Mathieu Méranville est né en Martinique. Il a obtenu un diplôme à l’École supérieure de journalisme de Lille (1986). Ancien athlète, il œuvre au service des sports de la rédaction nationale de France 3 en tant que reporter tout en s’occupant des chroniques sportives sur la chaîne France Info. Il a entre autres écrit Les Noirs dans l'histoire, clichés et préjugés de l'époque coloniale à nos jours, Sport, malédiction des Noirs? et Poilus Nègres. Il a aussi interviewé des athlètes de haut niveau comme l’olympienne Malia Metella.

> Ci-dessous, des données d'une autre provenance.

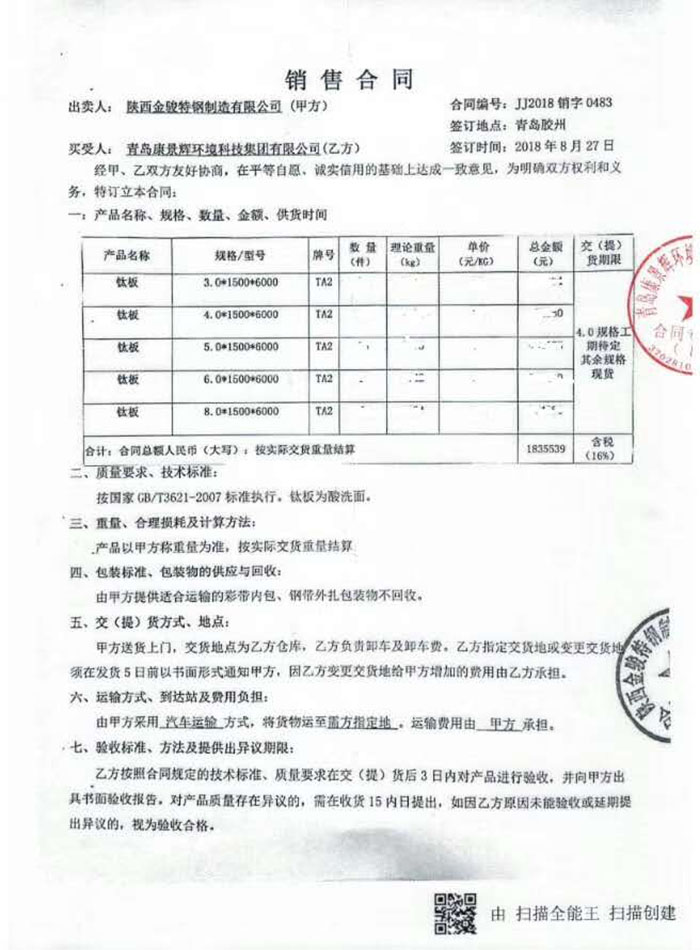 鈦材原材料采購(gòu)合同 鈦材原材料采購(gòu)合同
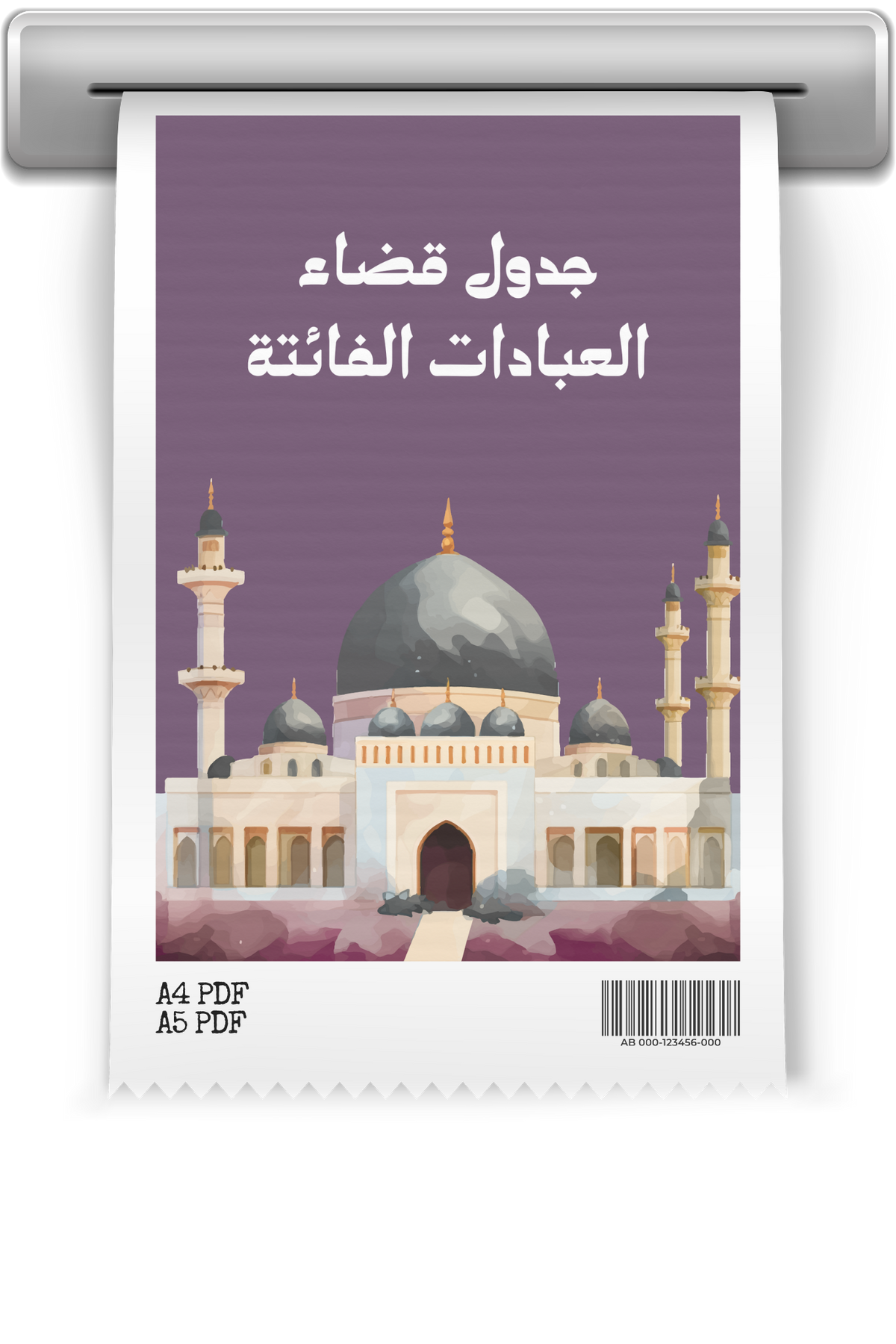 باقة تدارك العبادات الفائتة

Serge Bilé, journaliste est l’auteur de plusieurs livres comme Noirs dans les camps nazis, Le seul passager noir du Titanic (il s’agit de l'histoire extraordinaire et tragique de Joseph Laroche, un ingénieur haïtien embarqué avec sa famille sur le paquebot mythique) traduit en anglais: Black Man on the Titanic: The Story of Joseph Laroche, Yasuke : le samouraï noir, Esclave et bourreau: l'histoire incroyable de Mathieu Léveillé, esclave de Martinique devenu bourreau au Canada, Les Noirs dans l'histoire, clichés et préjugés de l'époque coloniale à nos jours (écrit avec Mathieu Méranville).